▶ **What you need to do**
An exact retyping of all lines below is the answer; pictures do not belong in it.

▶ **Data records**
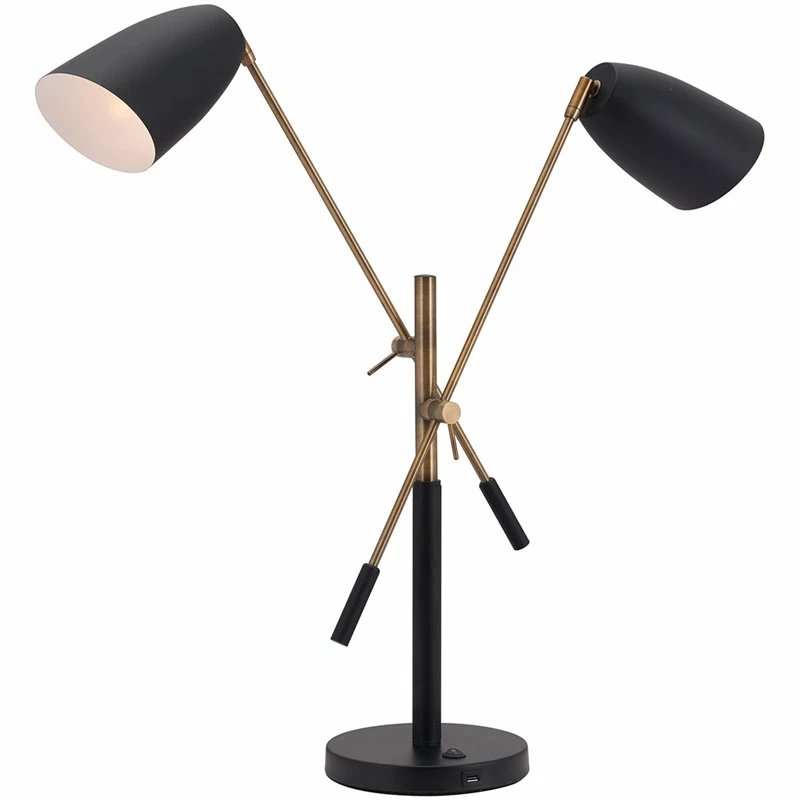 Coupon π Zuo Tanner Marble Table Lamp In Matte Black And Brass π€©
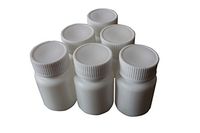 24pcs Empty Portable Plastic Powder Medicine Pill Tablet Bottles Container Holder Case White (15ml)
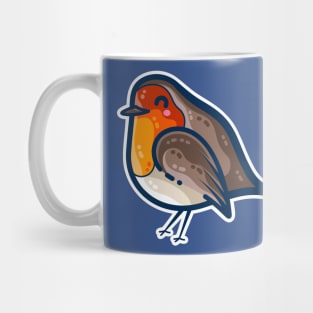 Robin Kawaii Cute Bird Mug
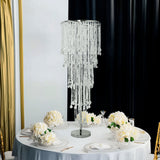 4ft Table Centerpiece in Crystal Beaded Waterfall Chandelier Style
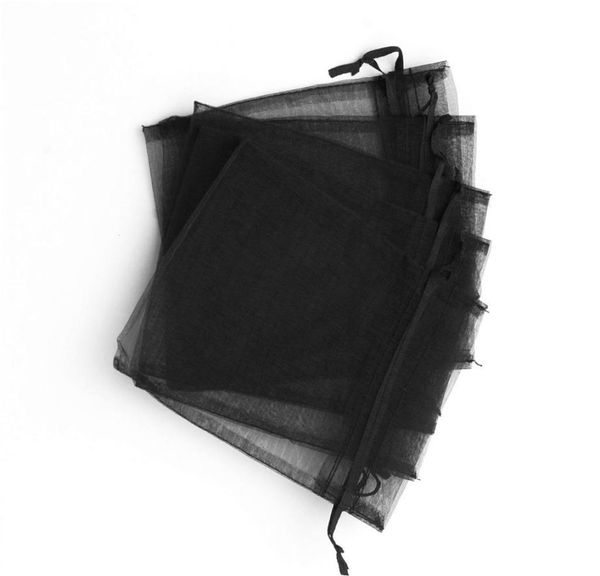 

100 pcs lot black organza favor bags wedding jewelry packaging pouches nice gift bags factory288j2615508, Pink;blue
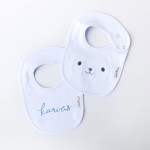 Organic Cotton Bibs (Set of 2) - Baby Bear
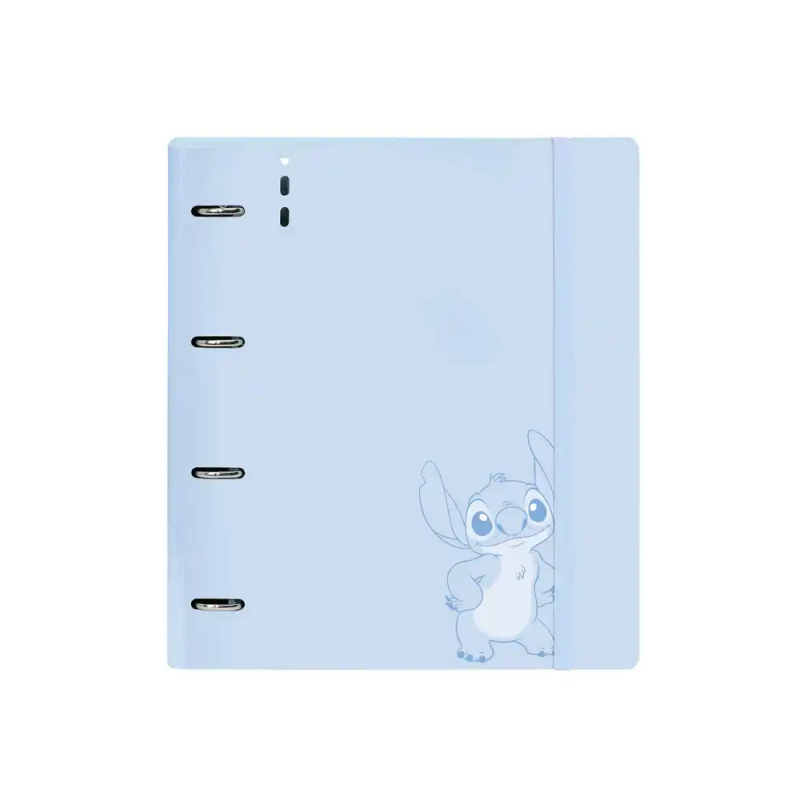 Carpeta con recambio safta din a4 cuadro 5 mm polipropileno foam 4 anillas 35mm stitch beach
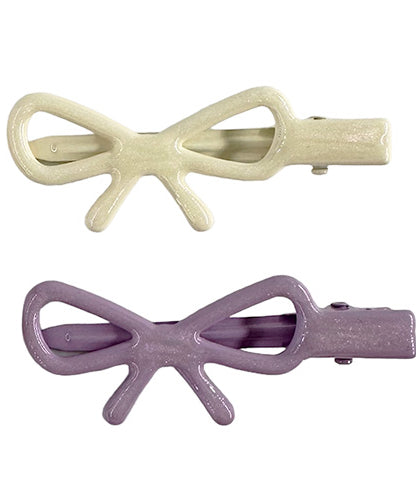 Hair Clips in different shapes (2 pieces)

▶ **Solution to this problem**
 Coupon π Zuo Tanner Marble Table Lamp In Matte Black And Brass π€©
 24pcs Empty Portable Plastic Powder Medicine Pill Tablet Bottles Container Holder Case White (15ml)
 Robin Kawaii Cute Bird Mug
 4ft Table Centerpiece in Crystal Beaded Waterfall Chandelier Style

100 pcs lot black organza favor bags wedding jewelry packaging pouches nice gift bags factory288j2615508, Pink;blue
 Organic Cotton Bibs (Set of 2) - Baby Bear
 Carpeta con recambio safta din a4 cuadro 5 mm polipropileno foam 4 anillas 35mm stitch beach
 Hair Clips in different shapes (2 pieces)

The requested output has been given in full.